Copy every line of the data exactly, leaving nothing out.

* **STUDY MATERIAL**:
* * * * * * *

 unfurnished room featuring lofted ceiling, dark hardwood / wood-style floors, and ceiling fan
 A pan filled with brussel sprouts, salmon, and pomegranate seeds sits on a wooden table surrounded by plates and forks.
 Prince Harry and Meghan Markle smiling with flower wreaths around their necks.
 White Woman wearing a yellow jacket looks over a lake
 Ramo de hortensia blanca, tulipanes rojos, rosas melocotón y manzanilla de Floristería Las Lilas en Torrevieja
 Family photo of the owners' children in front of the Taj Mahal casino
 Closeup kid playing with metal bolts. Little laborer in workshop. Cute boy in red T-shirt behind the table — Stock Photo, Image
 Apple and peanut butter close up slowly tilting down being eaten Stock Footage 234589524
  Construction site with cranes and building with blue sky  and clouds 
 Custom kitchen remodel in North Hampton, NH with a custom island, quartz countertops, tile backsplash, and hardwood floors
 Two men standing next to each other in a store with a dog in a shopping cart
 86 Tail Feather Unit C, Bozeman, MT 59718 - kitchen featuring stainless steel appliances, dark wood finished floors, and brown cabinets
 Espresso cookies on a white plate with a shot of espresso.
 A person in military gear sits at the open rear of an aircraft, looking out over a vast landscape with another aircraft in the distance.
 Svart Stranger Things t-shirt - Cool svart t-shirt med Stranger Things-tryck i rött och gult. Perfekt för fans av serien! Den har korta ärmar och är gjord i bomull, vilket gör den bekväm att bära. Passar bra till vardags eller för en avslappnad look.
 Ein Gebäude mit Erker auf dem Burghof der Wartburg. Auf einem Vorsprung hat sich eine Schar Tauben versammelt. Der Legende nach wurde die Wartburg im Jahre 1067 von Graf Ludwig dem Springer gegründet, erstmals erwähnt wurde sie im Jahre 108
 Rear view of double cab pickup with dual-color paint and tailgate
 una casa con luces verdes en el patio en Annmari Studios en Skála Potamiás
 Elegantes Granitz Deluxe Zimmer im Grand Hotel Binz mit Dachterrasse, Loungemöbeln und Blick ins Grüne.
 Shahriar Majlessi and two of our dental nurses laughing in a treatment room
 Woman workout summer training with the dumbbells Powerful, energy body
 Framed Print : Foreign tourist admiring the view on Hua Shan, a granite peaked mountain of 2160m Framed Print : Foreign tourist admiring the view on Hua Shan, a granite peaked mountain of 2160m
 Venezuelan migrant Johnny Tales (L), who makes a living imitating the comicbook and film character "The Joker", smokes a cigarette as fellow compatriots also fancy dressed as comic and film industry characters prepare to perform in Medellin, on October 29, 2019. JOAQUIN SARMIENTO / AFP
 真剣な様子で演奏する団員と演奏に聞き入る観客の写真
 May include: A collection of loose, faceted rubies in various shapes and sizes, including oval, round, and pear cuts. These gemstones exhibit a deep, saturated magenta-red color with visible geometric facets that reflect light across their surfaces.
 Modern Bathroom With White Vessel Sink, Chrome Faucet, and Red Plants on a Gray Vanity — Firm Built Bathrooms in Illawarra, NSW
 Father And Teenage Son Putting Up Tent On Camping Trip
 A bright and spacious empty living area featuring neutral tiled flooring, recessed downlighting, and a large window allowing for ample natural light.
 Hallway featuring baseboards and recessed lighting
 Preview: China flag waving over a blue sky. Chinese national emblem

* * * * * * *

* **THE COMPLETED TASK**:
 unfurnished room featuring lofted ceiling, dark hardwood / wood-style floors, and ceiling fan
 A pan filled with brussel sprouts, salmon, and pomegranate seeds sits on a wooden table surrounded by plates and forks.
 Prince Harry and Meghan Markle smiling with flower wreaths around their necks.
 White Woman wearing a yellow jacket looks over a lake
 Ramo de hortensia blanca, tulipanes rojos, rosas melocotón y manzanilla de Floristería Las Lilas en Torrevieja
 Family photo of the owners' children in front of the Taj Mahal casino
 Closeup kid playing with metal bolts. Little laborer in workshop. Cute boy in red T-shirt behind the table — Stock Photo, Image
 Apple and peanut butter close up slowly tilting down being eaten Stock Footage 234589524
  Construction site with cranes and building with blue sky  and clouds 
 Custom kitchen remodel in North Hampton, NH with a custom island, quartz countertops, tile backsplash, and hardwood floors
 Two men standing next to each other in a store with a dog in a shopping cart
 86 Tail Feather Unit C, Bozeman, MT 59718 - kitchen featuring stainless steel appliances, dark wood finished floors, and brown cabinets
 Espresso cookies on a white plate with a shot of espresso.
 A person in military gear sits at the open rear of an aircraft, looking out over a vast landscape with another aircraft in the distance.
 Svart Stranger Things t-shirt - Cool svart t-shirt med Stranger Things-tryck i rött och gult. Perfekt för fans av serien! Den har korta ärmar och är gjord i bomull, vilket gör den bekväm att bära. Passar bra till vardags eller för en avslappnad look.
 Ein Gebäude mit Erker auf dem Burghof der Wartburg. Auf einem Vorsprung hat sich eine Schar Tauben versammelt. Der Legende nach wurde die Wartburg im Jahre 1067 von Graf Ludwig dem Springer gegründet, erstmals erwähnt wurde sie im Jahre 108
 Rear view of double cab pickup with dual-color paint and tailgate
 una casa con luces verdes en el patio en Annmari Studios en Skála Potamiás
 Elegantes Granitz Deluxe Zimmer im Grand Hotel Binz mit Dachterrasse, Loungemöbeln und Blick ins Grüne.
 Shahriar Majlessi and two of our dental nurses laughing in a treatment room
 Woman workout summer training with the dumbbells Powerful, energy body
 Framed Print : Foreign tourist admiring the view on Hua Shan, a granite peaked mountain of 2160m Framed Print : Foreign tourist admiring the view on Hua Shan, a granite peaked mountain of 2160m
 Venezuelan migrant Johnny Tales (L), who makes a living imitating the comicbook and film character "The Joker", smokes a cigarette as fellow compatriots also fancy dressed as comic and film industry characters prepare to perform in Medellin, on October 29, 2019. JOAQUIN SARMIENTO / AFP
 真剣な様子で演奏する団員と演奏に聞き入る観客の写真
 May include: A collection of loose, faceted rubies in various shapes and sizes, including oval, round, and pear cuts. These gemstones exhibit a deep, saturated magenta-red color with visible geometric facets that reflect light across their surfaces.
 Modern Bathroom With White Vessel Sink, Chrome Faucet, and Red Plants on a Gray Vanity — Firm Built Bathrooms in Illawarra, NSW
 Father And Teenage Son Putting Up Tent On Camping Trip
 A bright and spacious empty living area featuring neutral tiled flooring, recessed downlighting, and a large window allowing for ample natural light.
 Hallway featuring baseboards and recessed lighting
 Preview: China flag waving over a blue sky. Chinese national emblem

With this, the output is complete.